In addition to his standing as a creative legend, Pérez was also a gracious and active member of the comic book community, a frequent guest of comics conventions, and a contributor to and fundraiser for charities to aid his fellow comic book professionals. As a co-founder of the nonprofit Hero Initiative which benefits comic creators in need, Pérez regularly drew sketches to be sold and/or auctioned to raise money. For a time, he was the charity’s biggest fundraiser and continued to draw for the Hero Initiative and other charities even after failing eyesight forced him to retire from comics in 2019.

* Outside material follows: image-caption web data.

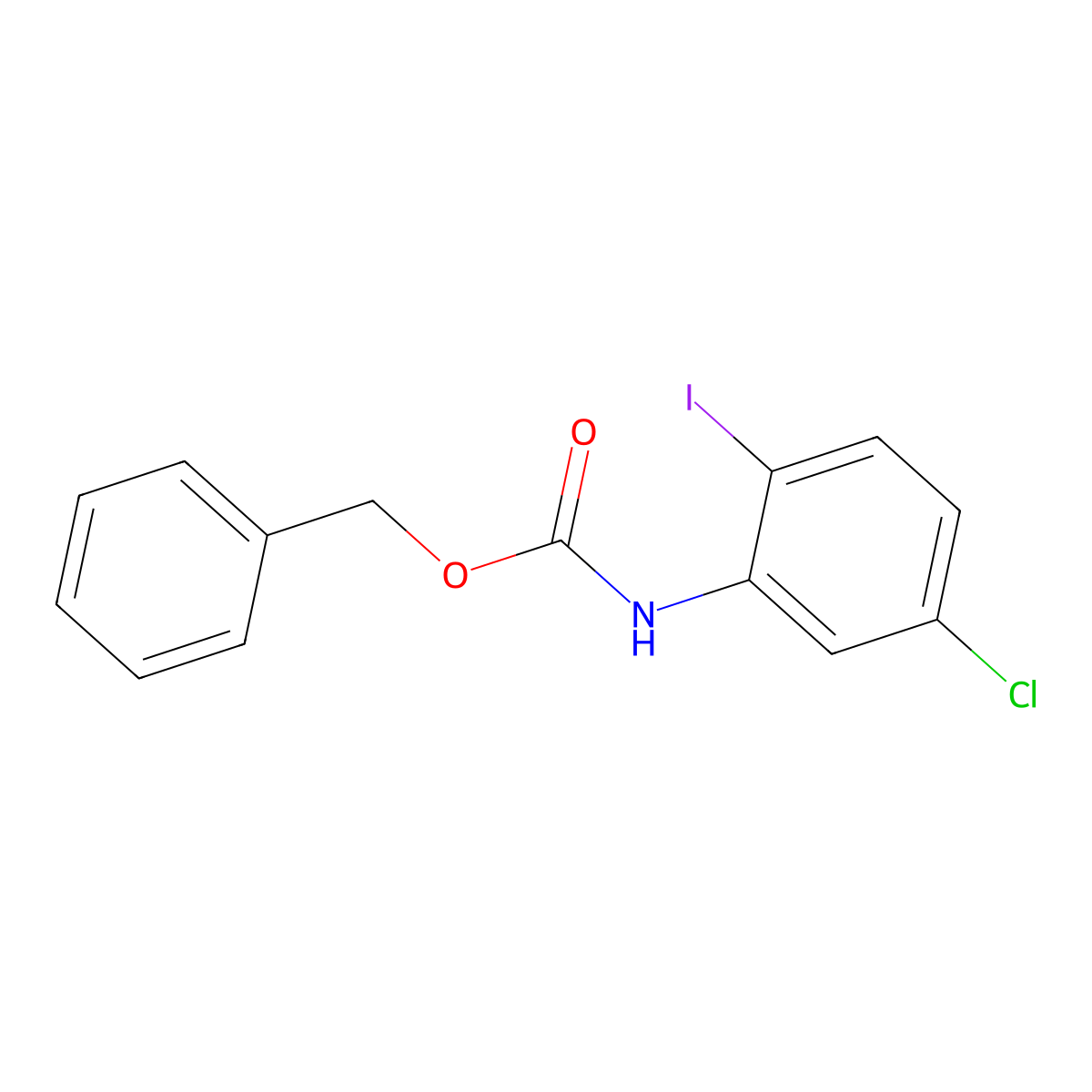 benzyl N-(5-chloro-2-iodophenyl)carbamate molecular structure, CAS 2012958-86-8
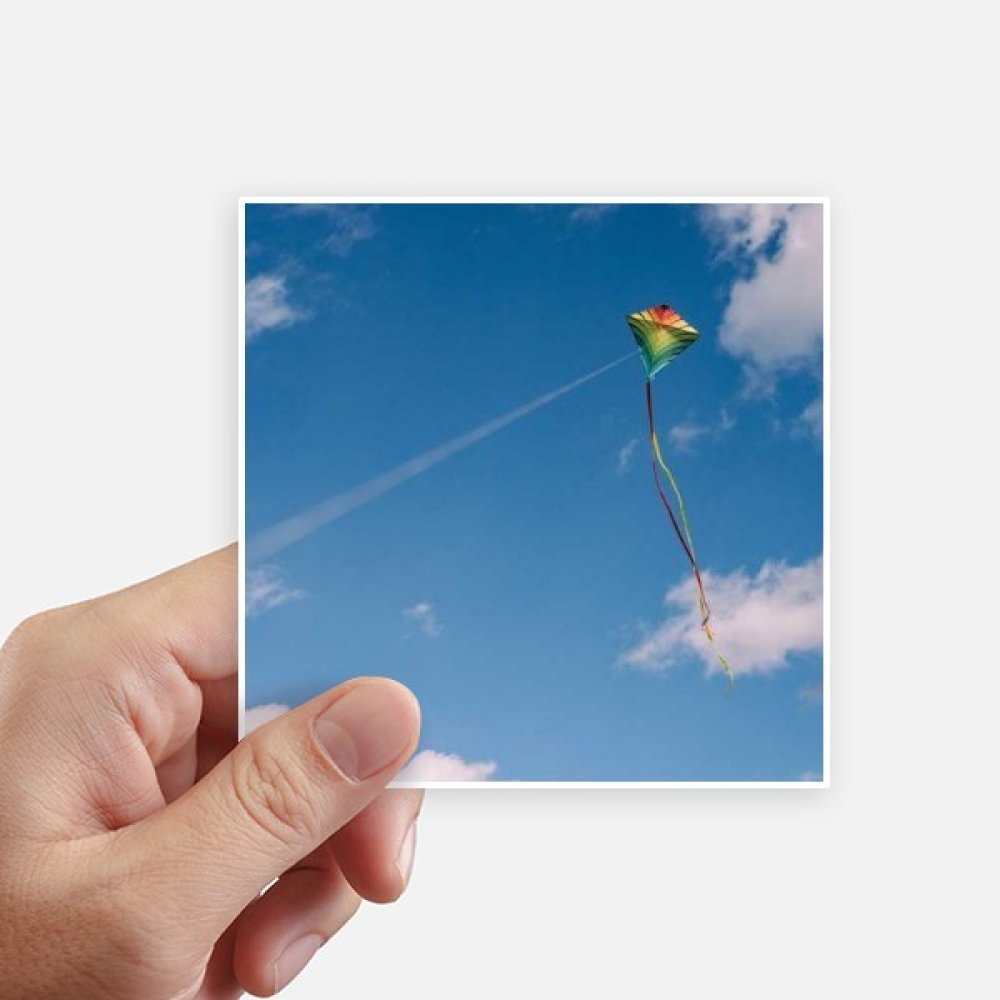 Autocollant cerf-volant bleu ciel nuages sticker carré 10cm moto mur ordinateur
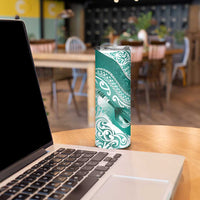 Personalised New Zealand Aotearoa Darts Masters Skinny Tumbler Maori Art Tattoo with Tribal Dart Symbol Teal Color LT03 - Polynesian Pride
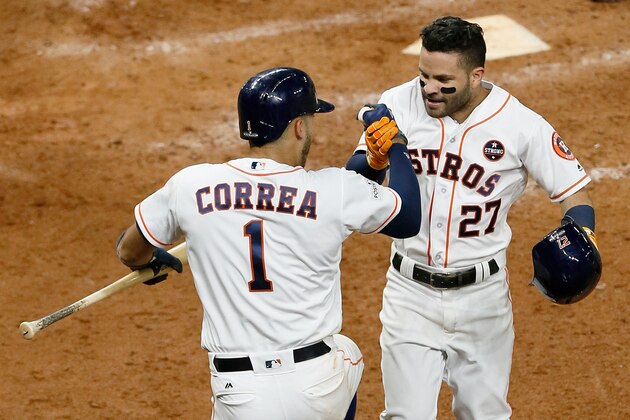 HOUSTON, TX - OCTOBER 20:  Jose Altuve #27 of the Houston Astros celebrates after hitting a solo home run against David Robertson #30 of the New York Yankees during the eighth inning in Game Six of the American League Championship Series at Minute Maid Park on October 20, 2017 in Houston, Texas.  (Photo by Bob Levey/Getty Images)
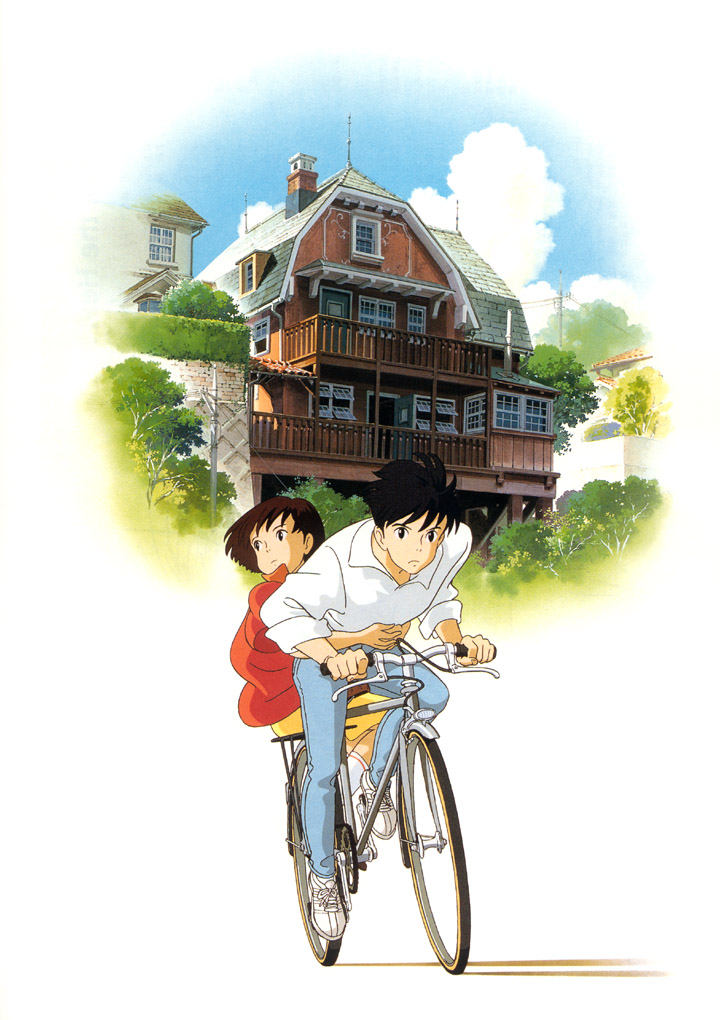 1990s_(style) 1boy 1girl amasawa_seiji bicycle brown_hair cloud house jacket mimi_wo_sumaseba multiple_riders non-web_source retro_artstyle short_hair sky studio_ghibli tsukishima_shizuku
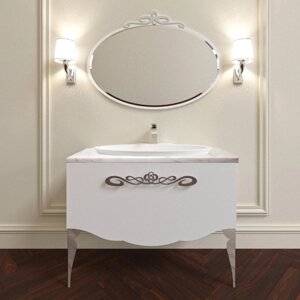 Мебель для ванной La Beaute Charante 100 белая со столешницей bianco statuaretto, хром
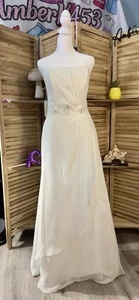 Women’s Bonny Chiffon Ivory Strapless Wedding Dress 10 NWT - Picture 1 of 16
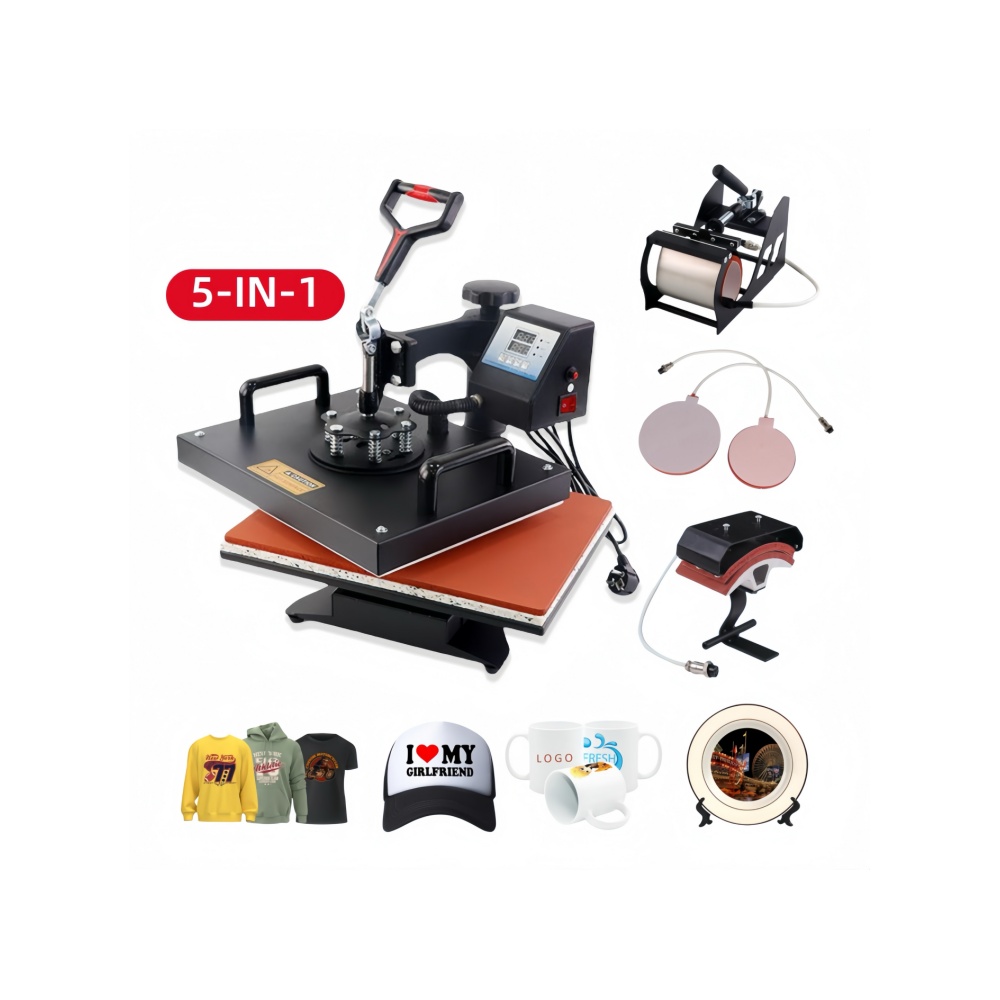 Hot-Selling 5-in-1 Multi-Function Heat Press Machine Semi-Automatic Solution for T-Shirts, Mugs, Hat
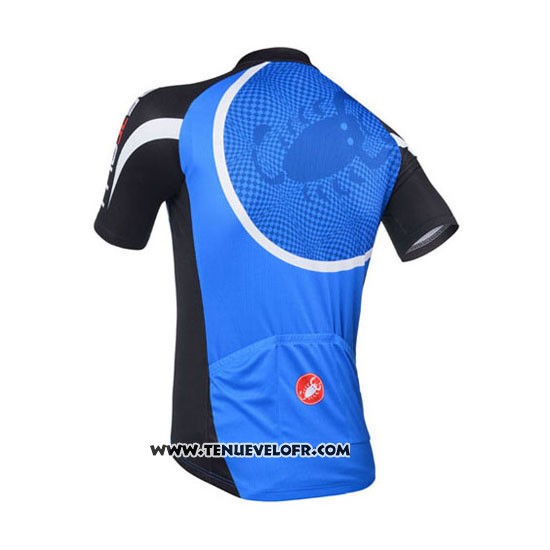 2013 Maillot Ciclismo Castelli Noir et Bleu Manches Courtes et Cuissard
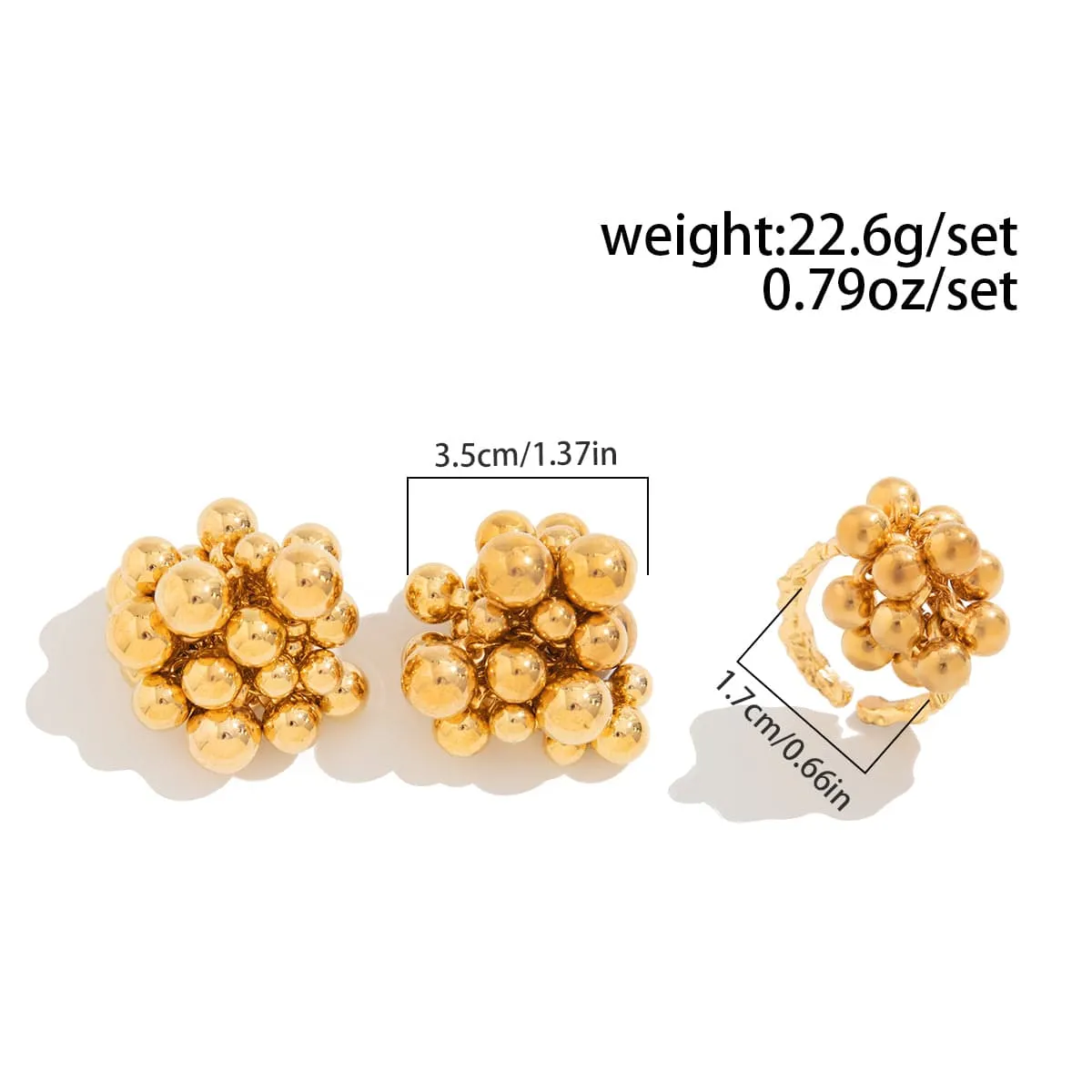 Geometric Chunky Irregular Beads Earrings Ring Set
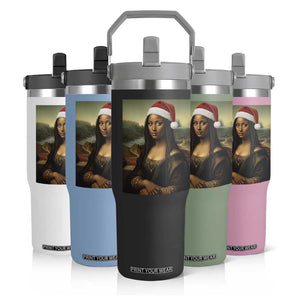 Funny Black Christmas Flip Straw Tumbler Vintage Mona Lisa Afro Santa Da Vinci Xmas - Print Your Wear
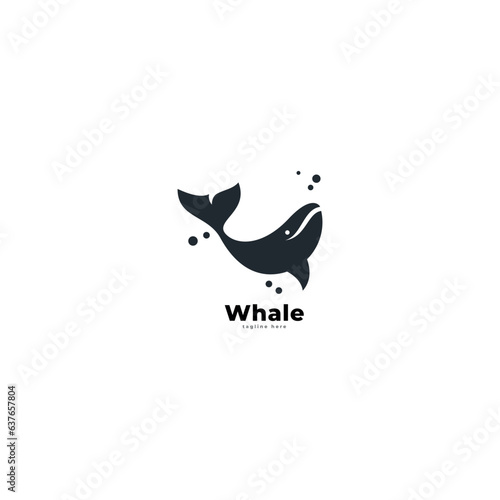  whale logo icon vector template.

But in December, George Pérez put down his drawing pen permanently. But he wasn’t done giving – along with this his terminal diagnosis, he announced plans to connect with his fans one last time before his passing.
Just hours after his announcement, Newsarama had the privilege of speaking with the iconic artist/writer about his diagnosis, how he’s processed it, and what he hoped to do with the time he had left. What could’ve been a melancholy conversation turned into an uplifting and reaffirming discussion about life, charity, and fellowship between comic pro and fan, but more importantly between one person to another.
We present the interview in its entirety as conducted that day, as a tribute to Pérez’s generous spirit and uplifting outlook that will inspire his fans for decades to come…
Newsarama: George, how are you feeling today?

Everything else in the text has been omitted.